== Try it ==
Write out every line below that includes the word "Photo".

Short descriptive text snippets:
-- Opening Marker --

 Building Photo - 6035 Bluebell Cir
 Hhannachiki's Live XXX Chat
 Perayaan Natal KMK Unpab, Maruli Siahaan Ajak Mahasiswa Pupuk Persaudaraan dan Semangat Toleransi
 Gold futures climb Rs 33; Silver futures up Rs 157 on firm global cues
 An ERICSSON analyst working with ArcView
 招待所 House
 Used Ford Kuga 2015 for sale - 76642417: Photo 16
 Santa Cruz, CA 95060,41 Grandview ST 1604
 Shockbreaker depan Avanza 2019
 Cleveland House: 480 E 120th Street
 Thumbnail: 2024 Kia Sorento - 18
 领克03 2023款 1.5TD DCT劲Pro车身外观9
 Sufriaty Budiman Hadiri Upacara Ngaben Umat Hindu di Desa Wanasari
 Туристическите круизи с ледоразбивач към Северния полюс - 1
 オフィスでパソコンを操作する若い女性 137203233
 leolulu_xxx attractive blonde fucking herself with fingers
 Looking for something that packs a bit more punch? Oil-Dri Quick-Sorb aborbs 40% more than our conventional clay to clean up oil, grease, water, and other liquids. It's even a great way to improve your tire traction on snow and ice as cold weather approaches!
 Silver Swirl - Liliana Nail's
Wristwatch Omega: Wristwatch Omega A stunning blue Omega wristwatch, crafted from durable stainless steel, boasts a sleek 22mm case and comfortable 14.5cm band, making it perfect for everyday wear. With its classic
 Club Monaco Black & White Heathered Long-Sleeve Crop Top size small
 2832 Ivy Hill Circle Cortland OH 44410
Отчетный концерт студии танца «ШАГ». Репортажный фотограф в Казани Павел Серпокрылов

-- Closing Marker --

== Exercise response ==
 Building Photo - 6035 Bluebell Cir
 Used Ford Kuga 2015 for sale - 76642417: Photo 16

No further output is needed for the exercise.